For the first integral, z = π/4 is a pole of order 3 and lies inside the contour |z| = 1. Compute the residue:
[tex]\displaystyle \mathrm{Res}\left(\frac{e^z\cos(z)}{\left(z-\frac\pi4\right)^3}, z=\frac\pi4\right) = \lim_{z\to\frac\pi4}\frac1{(3-1)!} \frac{d^{3-1}}{dz^{3-1}}\left[e^z\cos(z)\right][/tex]
We have
[tex]\dfrac{d^2}{dz^2}[e^z\cos(z)] = -2e^z \sin(z)[/tex]
and so
[tex]\displaystyle \mathrm{Res}\left(\frac{e^z\cos(z)}{\left(z-\frac\pi4\right)^3}, z=\frac\pi4\right) = - \lim_{z\to\frac\pi4} e^z \sin(z) = -\frac{e^{\pi/4}}{\sqrt2}[/tex]
Then by the residue theorem,
[tex]\displaystyle \int_C \frac{e^z\cos(z)}{\left(z-\frac\pi4\right)^3} \, dz = 2\pi j \left(-\frac{e^{\pi/4}}{\sqrt2}\right) = \boxed{-\sqrt2\,\pi e^{\pi/4} j}[/tex]
For the second integral, z = 2j and z = j/2 are both poles of order 2. The second poles lies inside the rectangle, so just compute the residue there as usual:
[tex]\displaystyle \mathrm{Res}\left(\frac{\cosh(2z)}{(z-2j)^2\left(z-\frac j2\right)^2}, z=\frac j2\right) = \lim_{z\to\frac j2}\frac1{(2-1)!} \frac{d^{2-1}}{dz^{2-1}}\left[\frac{\cosh(2z)}{(z-2j)^2}\right] = \frac{16\cos(1)-24\sin(1)}{27}j[/tex]

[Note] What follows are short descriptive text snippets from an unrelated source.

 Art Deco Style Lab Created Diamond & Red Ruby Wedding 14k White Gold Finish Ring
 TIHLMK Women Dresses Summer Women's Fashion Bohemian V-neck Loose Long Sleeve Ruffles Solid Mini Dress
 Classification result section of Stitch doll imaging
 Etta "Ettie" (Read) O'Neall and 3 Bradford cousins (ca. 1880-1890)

The other pole lies on the rectangle itself, and I'm not so sure how to handle it... You may be able to deform the contour and consider a principal value integral around the pole at z = 2j. The details elude me at the moment, however.